Arts

Zocalo goes dancing — but never back to Saddle Ranch

Benjamin_Millepied_color.jpgHow's this for an eclectic run by the Zócalo Public Square folks. On Sunday afternoon, they are putting on a free event at the Music Center with LA's new king of dance, Benjamin Millepied. "He’s been called a 'triple-threat' —ballet dancer, choreographer, and heartthrob," the site says. "Millepied first became a worldwide name when he choreographed the film 'Black Swan'...starring Millepied’s now-wife Natalie Portman. Born in France, raised in Senegal, and employed in New York, the former New York City Ballet principal dancer is now moving to L.A. He is bringing an experimental ballet troupe, the L.A. Dance Project, to the Los Angeles Music Center, and its unveiling will happen this fall." He's billed for Sunday, in conversation with the New Yorker's Amanda Fortini, as discussing his work and the opportunities for dance in Los Angeles, and a little about "Black Swan" probably. (The 2 p.m. conversation is free but you have to RSVP.)

Then today, they also have up a new piece where a writer swears he will never again return to the Saddle Ranch Chop House on Sunset Strip — "the misplaced 'rodeo bar' on Sunset Boulevard that sticks out like a Ron Artest elbow. It’s where guys go because they think it’s an easy place to score and girls go because—well, I can’t quite figure out why girls go there." But then...maybe he will go back.

Also, a week ago Zócalo founder Gregory Rodriguez wrote a piece on the Census Bureau's latest demographic milestone between whites and Latinos that I've been meaning to pick up. He cautions not to "buy into the hype and all the overwrought commentary...on this supposed milestone" in which the majority of babies born in the U.S. are now Latino, black, Asian-American or otherwise not the former majority-style Anglo. Some ado about not much, he argues.

Recent headlines on infant demographics contained more than a hint of alarmism. Implicit in the story was the belief that changes in the racial makeup of the country would pose a challenge to the nation’s values, identity, and heritage.
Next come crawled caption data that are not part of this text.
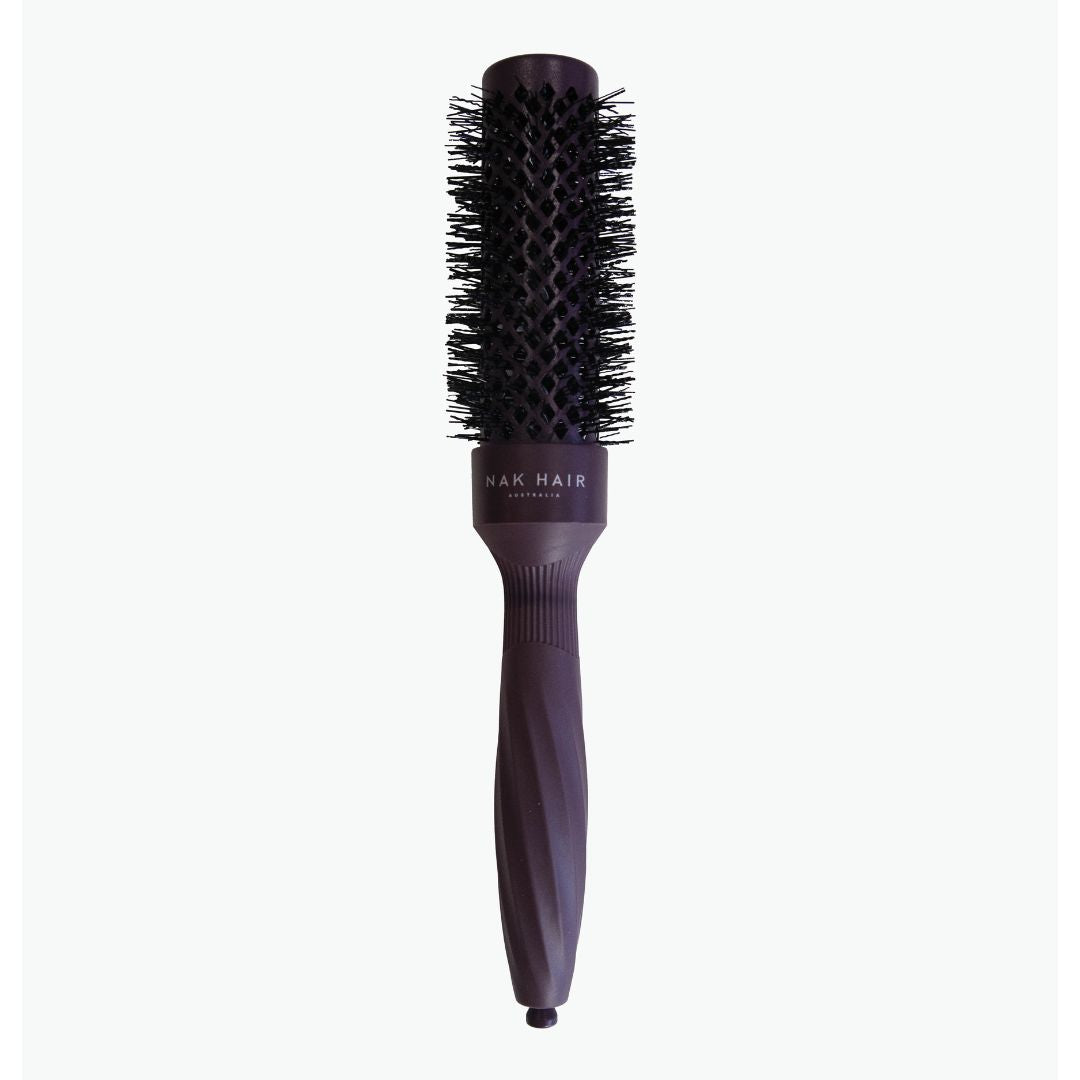 Round hairbrush with bristle head and purple handle on a white background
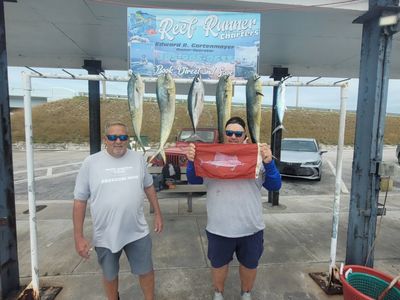 Two people wearing sunglasses stand under a fishing charter sign with five fish hanging from a rack behind them.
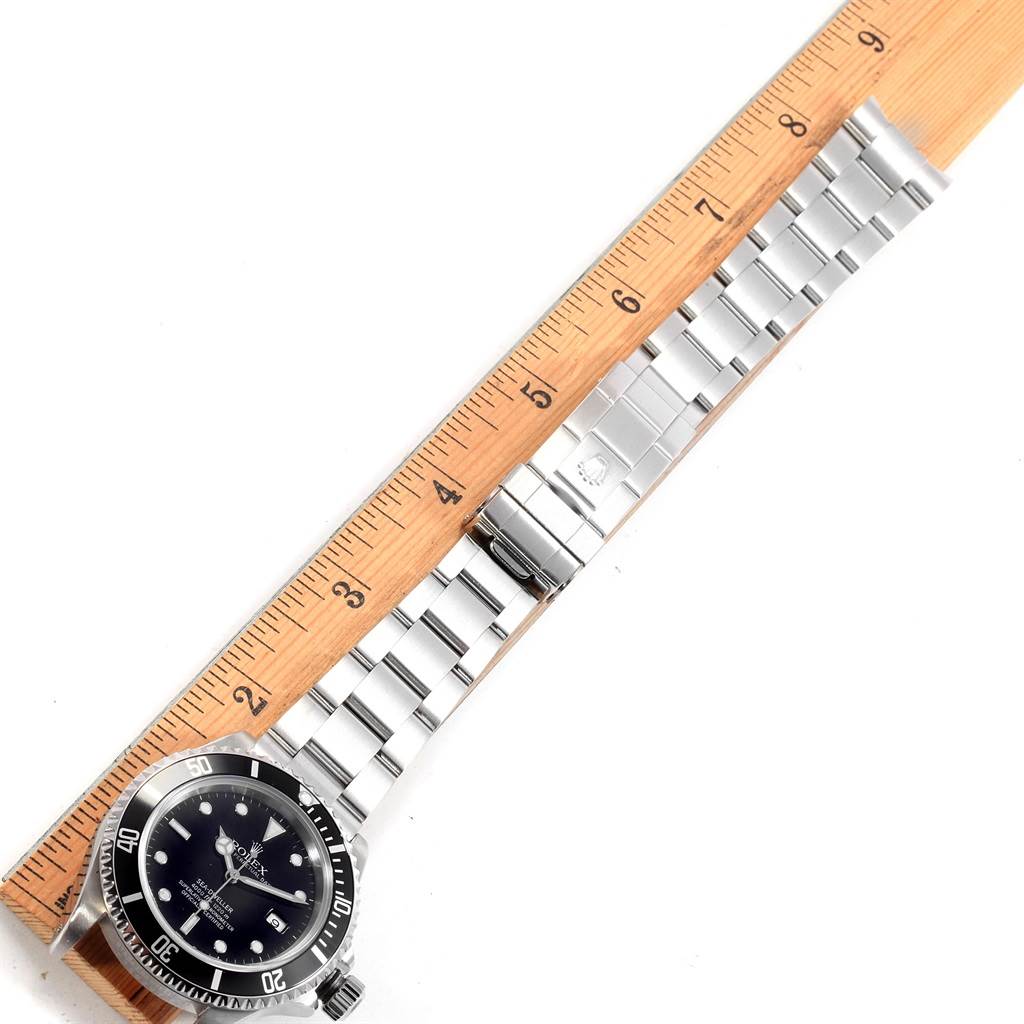 This image shows a Rolex Sea-Dweller 16600 Men
s Stainless Steel Black Dial 16600 Men
s Stainless Steel Black Dial watch laid flat with its bracelet aligned along a ruler, displaying the watch
s face and full bracelet.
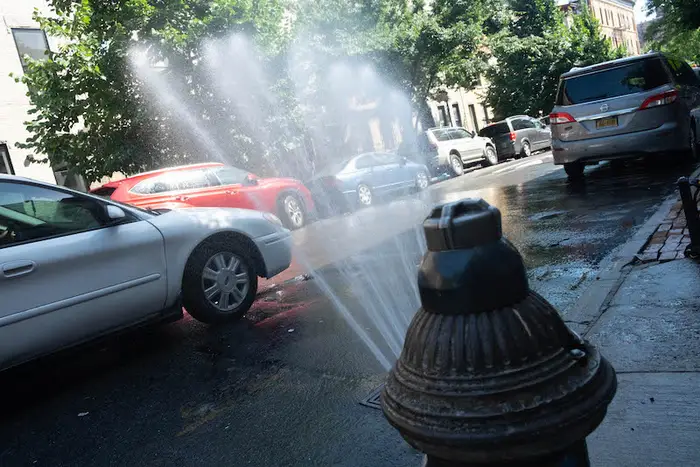 A silver sedan drives past an open fire hydrant on a Brooklyn street.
But race in America has always said more about what people are not than what they are. On some level, whiteness can only be understood as an anti-heritage, a privileged enclave whose price of entry has been checking one’s past at the gate. The end of whiteness as a majority category doesn’t mean the country is relinquishing something. Quite the contrary, we will literally be losing nothing.